This year has truly been a rollercoaster. I have moved three times and faced potential risks of being homeless. I went through the pain of getting over a brutal breakup, but dated two people and now in a relationship with one of them. I have had my car broken into three, yes three, times and the most recent of which they smashed my passenger window. I cut out fast food (mostly) and am teaching myself to cook and meal prep. Still trying to manage money better. Had a falling out with friends, made new friends, started seeing a chiropractor, went back to therapy, got a new tattoo, and a slew of other events. One word that definitely doesn't come to mind for this year is boring.
I didn't give this blog as much attention as it deserved and I really hate that with how busy I have been due to work and school, a lot of other things in my life have been neglected. So tonight I decided to just sit down and write, to reconnect with why I started blogging in the first place. I wanted to just let the words come and reflect on my year.

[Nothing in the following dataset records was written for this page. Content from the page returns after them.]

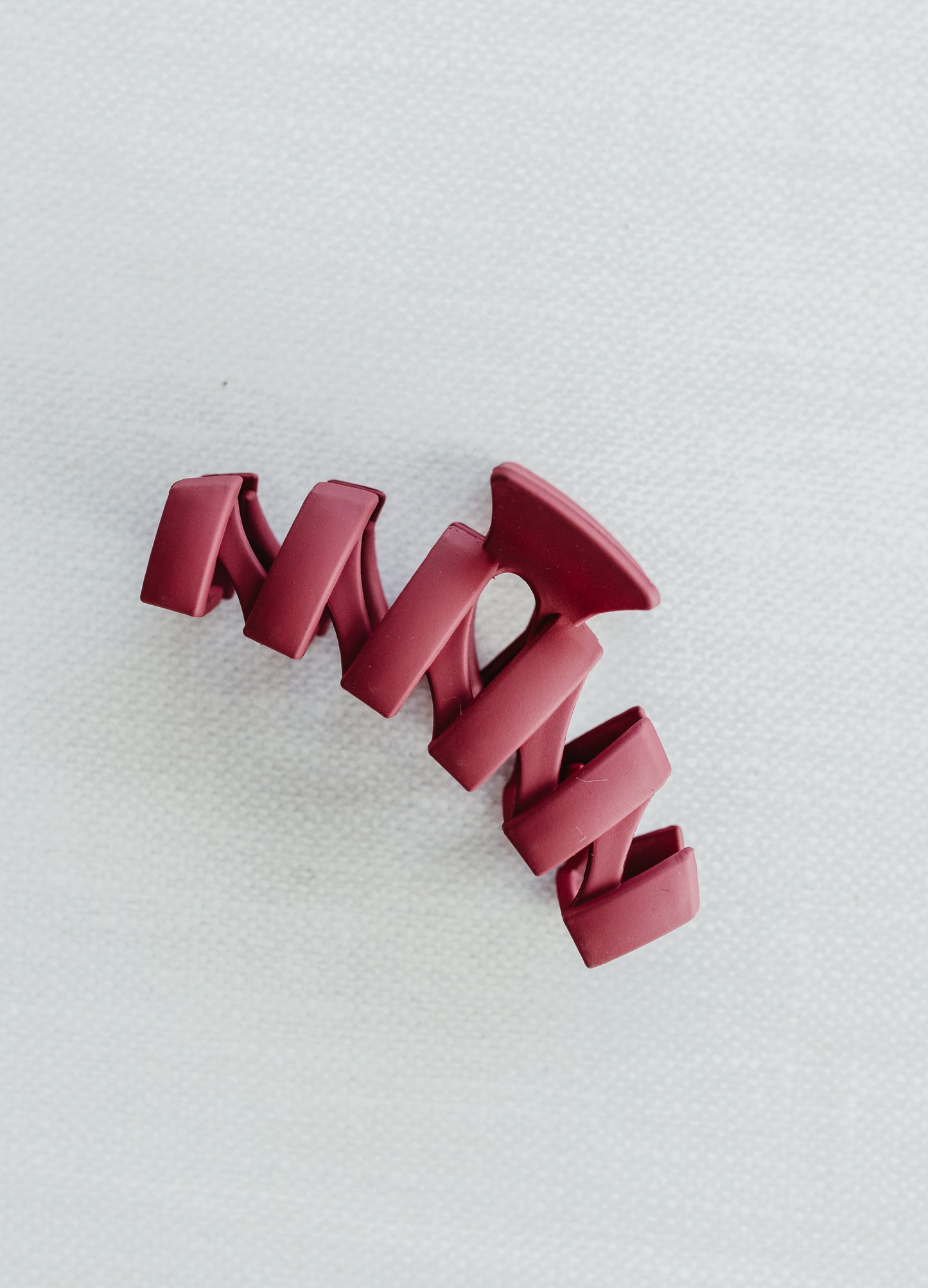 ZIGZAG CLAW CLIP - BURGUNDY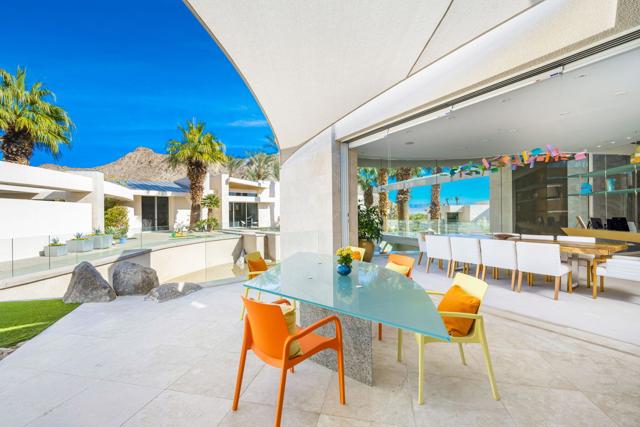 79095 Tom Fazio N Lane, La Quinta CA: https://media.crmls.org/mediaz/1fc53ceb-add2-43f1-8831-28750ac34e9c.jpg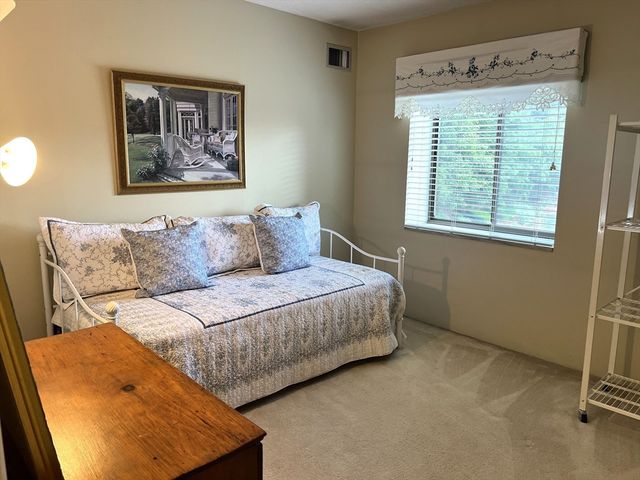 875 John Fitch Hwy 33, Fitchburg, MA 01420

This year has tested me in a lot of ways. There were a lot of tears, sleepless nights, heartache, stress and being terrified of not knowing what would happen next. However, this year was not without its good moments. I learned a lot about myself this year. People came into my life who helped me learn more about myself and who I want to be. They helped me grow as a person, teaching me new lessons and some I maybe didn't want to hear. A year ago I certainly never would have pictured myself where I am today - a stronger, but still slightly unstable, but now capable of handling a whole lot more crap than before.

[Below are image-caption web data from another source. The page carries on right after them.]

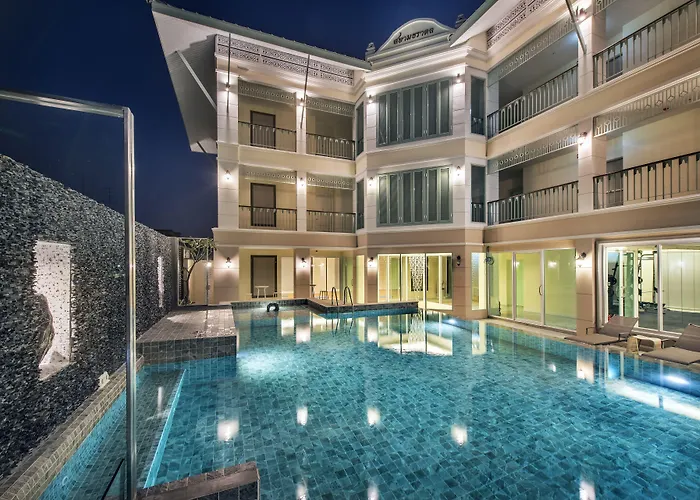 Siam Tharadol Hotel 4*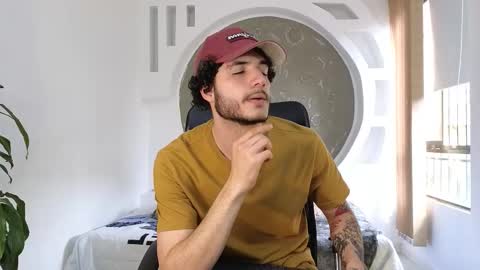 R A F A E L online show from 11.09.25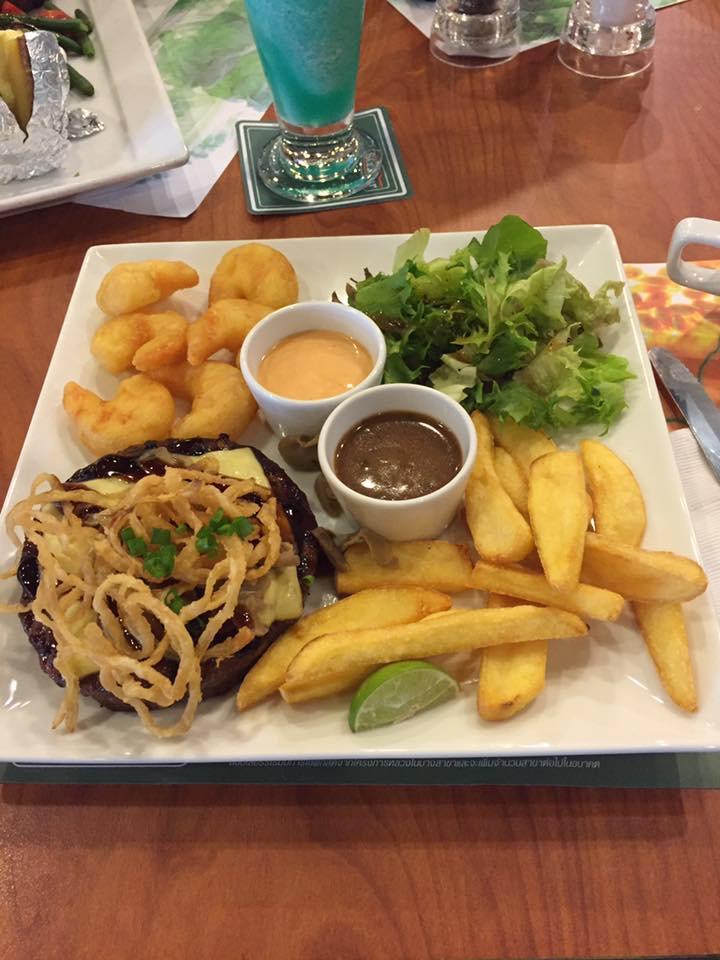 ຮ້ານ ອາຫານ“ເຮືອນຂ້ານ້ອຍ“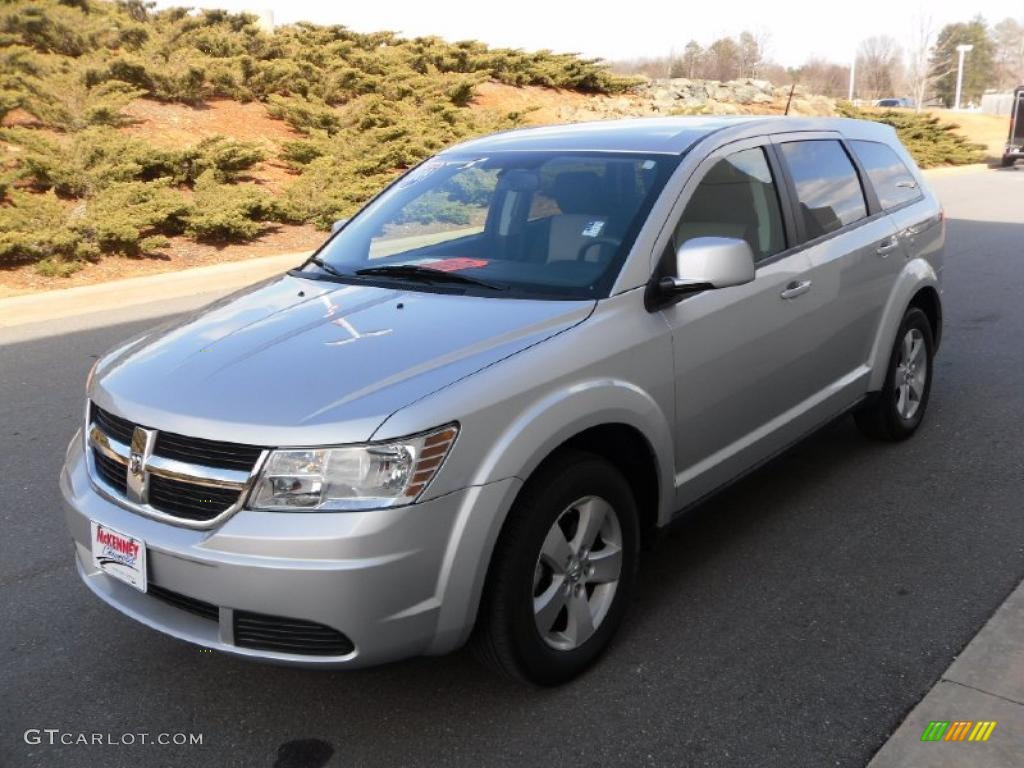 2009 Journey SXT - Bright Silver Metallic / Dark Slate Gray/Light Graystone photo #1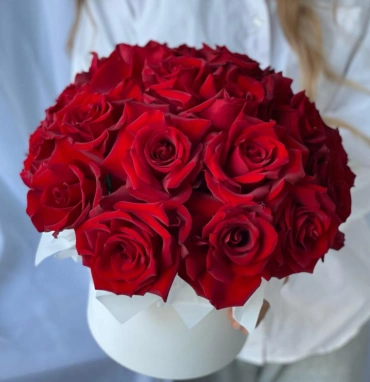 Композиция из 21 красной розы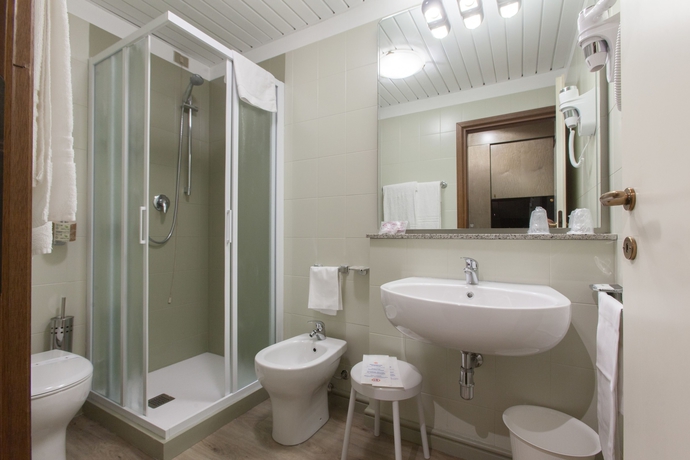 Imagen de la habitación del Motel Airport Hotel Malpensa. Foto 14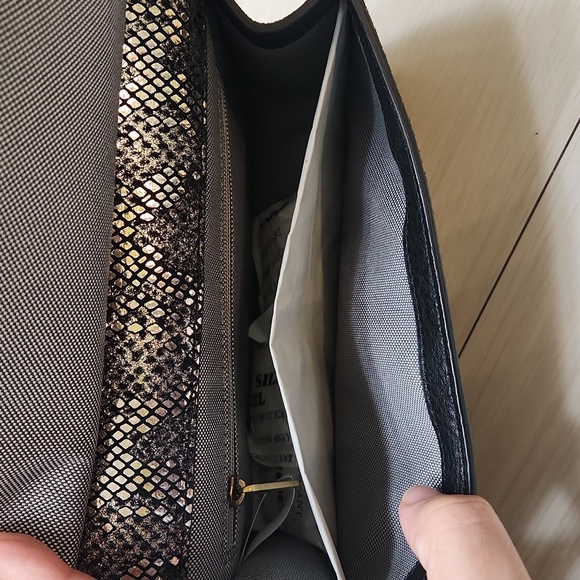 Fossil Leather Metallic Snake Print Cross Body Bag 🌟Black & Silver🌟 - Picture 5 of 13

If there is one thing this year has taught me, it is that you can always get through it and that even when you don't realize it or want to ask for help, you have people who are willing to stand by your side, to dust you off and help you back up. I am so incredibly thankful to all the people in my life who have helped me through this year; to everyone who has reminded me that I am strong enough to get through whatever storm I was facing, to lend a helping hand because they knew I hate to ask. I know I will come out of 2017 as a stronger person, more willing to ask for help because I know that I have wonderful and caring people standing by my side.
Despite all the insanity of this year, I am happy to see the leaps and bounds I have made and I am excited to see what 2018 has to offer. I don't really have resolutions but I do have goals for myself, to continue my growth as a person.